After 6 months, patients in the treatment group showed improvements in periodontal health as well as significant changes in plaque index and gingival index values. Those in the control group showed almost no improvement.

In addition, fasting plasma glucose scores decreased significantly in the treatment group but increased in the control group. Sensitivity analysis confirmed greater improvement in HbA1c levels among patients in the treatment group (−0.51%) than in the control group (−0.06%).

“Although modest, the difference (in HbA1c level) is of significant clinical impact, because any reduction in glycosylated hemoglobin is associated with a decrease in the long-term complications,” the authors wrote.

“In fact, 1% reduction in HbA1c is associated with a 21% reduction in the number of deaths related to diabetes, a 14% reduction in myocardial infarction, and a 37% reduction in the microvascular complications,” they noted. “This highlights the importance of periodontal treatment in patients with diabetes, as it will contribute to HbA1c control and therefore to a reduction in complications.”

The other way ‘round

“In this new study, we saw that there is not only a relation between (patients) going from diabetes to periodontal diseases, but the other way ‘round, from the periodontal disease to diabetes,” said co-lead author Miquel Viñas, PhD, professor of microbiology, University of Barcelona.

How are periodontal disease and diabetes inter-related? Another recent article in the Journal of Clinical Periodontology noted that people who have both type 2 diabetes and periodontitis have reduced beta-cell function, elevated oxidative stress, and dyslipidemia compared with people with diabetes alone.

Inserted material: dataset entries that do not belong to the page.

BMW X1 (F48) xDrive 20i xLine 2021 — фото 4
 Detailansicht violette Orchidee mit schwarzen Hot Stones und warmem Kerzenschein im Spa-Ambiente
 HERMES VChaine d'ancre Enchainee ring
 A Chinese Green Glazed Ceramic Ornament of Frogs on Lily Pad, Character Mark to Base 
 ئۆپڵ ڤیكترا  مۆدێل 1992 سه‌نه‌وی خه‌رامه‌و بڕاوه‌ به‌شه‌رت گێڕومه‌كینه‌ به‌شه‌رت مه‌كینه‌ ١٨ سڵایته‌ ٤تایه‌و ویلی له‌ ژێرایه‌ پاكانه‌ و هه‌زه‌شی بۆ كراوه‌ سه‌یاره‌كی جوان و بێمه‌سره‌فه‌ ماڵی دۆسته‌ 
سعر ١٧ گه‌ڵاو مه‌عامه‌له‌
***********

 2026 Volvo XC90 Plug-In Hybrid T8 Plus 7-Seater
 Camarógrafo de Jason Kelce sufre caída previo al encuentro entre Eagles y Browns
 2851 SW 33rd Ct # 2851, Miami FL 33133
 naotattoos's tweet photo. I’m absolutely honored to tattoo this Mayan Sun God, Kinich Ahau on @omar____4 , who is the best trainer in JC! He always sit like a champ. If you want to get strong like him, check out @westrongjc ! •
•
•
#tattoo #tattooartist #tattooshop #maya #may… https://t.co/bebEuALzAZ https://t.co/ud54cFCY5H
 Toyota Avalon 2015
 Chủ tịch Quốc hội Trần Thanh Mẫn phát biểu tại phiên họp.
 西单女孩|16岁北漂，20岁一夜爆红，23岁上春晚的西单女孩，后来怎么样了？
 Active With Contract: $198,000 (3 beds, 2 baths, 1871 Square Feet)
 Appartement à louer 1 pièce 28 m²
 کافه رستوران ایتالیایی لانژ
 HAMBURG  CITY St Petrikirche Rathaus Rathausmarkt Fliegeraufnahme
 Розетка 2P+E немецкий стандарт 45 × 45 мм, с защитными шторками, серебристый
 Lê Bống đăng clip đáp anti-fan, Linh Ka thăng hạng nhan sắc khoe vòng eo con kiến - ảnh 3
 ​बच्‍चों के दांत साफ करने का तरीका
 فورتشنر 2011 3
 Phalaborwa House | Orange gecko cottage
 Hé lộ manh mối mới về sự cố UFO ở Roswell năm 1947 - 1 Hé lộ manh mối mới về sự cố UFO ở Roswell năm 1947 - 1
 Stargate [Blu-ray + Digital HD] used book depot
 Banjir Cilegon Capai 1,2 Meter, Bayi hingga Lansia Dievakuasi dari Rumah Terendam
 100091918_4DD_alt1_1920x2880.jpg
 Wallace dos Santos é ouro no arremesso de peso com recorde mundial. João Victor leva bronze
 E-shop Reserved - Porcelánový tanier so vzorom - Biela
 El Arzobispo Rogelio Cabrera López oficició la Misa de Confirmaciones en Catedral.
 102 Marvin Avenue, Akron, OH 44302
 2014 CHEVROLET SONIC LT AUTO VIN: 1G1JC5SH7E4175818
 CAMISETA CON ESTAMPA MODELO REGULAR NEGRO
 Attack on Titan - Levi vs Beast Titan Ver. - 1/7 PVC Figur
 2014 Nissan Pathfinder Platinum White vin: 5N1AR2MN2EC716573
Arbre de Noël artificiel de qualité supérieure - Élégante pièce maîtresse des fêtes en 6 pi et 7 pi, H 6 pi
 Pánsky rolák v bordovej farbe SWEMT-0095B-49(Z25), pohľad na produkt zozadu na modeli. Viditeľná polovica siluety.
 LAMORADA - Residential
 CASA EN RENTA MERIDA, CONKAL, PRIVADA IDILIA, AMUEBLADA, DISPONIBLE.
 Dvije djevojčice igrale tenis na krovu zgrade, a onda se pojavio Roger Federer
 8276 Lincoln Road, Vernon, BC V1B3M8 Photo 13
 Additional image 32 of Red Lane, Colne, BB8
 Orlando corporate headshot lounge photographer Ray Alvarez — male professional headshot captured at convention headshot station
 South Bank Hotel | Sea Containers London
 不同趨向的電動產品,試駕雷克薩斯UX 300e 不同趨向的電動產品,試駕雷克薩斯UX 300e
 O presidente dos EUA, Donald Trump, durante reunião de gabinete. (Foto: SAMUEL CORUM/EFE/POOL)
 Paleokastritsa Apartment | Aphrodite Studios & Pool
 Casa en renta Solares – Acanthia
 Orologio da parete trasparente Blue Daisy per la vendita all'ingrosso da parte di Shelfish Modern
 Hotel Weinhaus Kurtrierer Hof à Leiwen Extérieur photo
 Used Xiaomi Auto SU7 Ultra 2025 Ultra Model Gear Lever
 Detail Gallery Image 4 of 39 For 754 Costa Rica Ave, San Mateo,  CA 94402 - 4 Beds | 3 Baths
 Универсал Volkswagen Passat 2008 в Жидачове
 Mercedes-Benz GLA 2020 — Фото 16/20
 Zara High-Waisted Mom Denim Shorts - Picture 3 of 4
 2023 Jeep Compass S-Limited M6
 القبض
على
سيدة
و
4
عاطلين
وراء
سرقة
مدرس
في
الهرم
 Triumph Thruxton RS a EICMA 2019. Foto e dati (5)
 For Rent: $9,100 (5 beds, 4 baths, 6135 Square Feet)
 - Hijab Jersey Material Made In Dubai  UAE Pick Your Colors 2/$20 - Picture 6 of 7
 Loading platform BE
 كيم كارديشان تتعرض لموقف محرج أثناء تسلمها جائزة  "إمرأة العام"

“Most studies demonstrate that circulating proinflammatory mediators are elevated in people with diabetes and periodontitis, particularly TNF (tumor necrosis factor)-α, CRP (C-reactive protein), and mediators of oxidative stress,” the authors wrote. “These proinflammatory mediators may affect the control of diabetes.” However, further research is needed to answer this question.

In the meantime, the authors recommend that clinicians provide oral health education and treatment to all patients with diabetes.

“Irrespective of the level of diabetes control, nonsurgical periodontal therapy should be provided, as this may help to improve glycemic control,” they advised.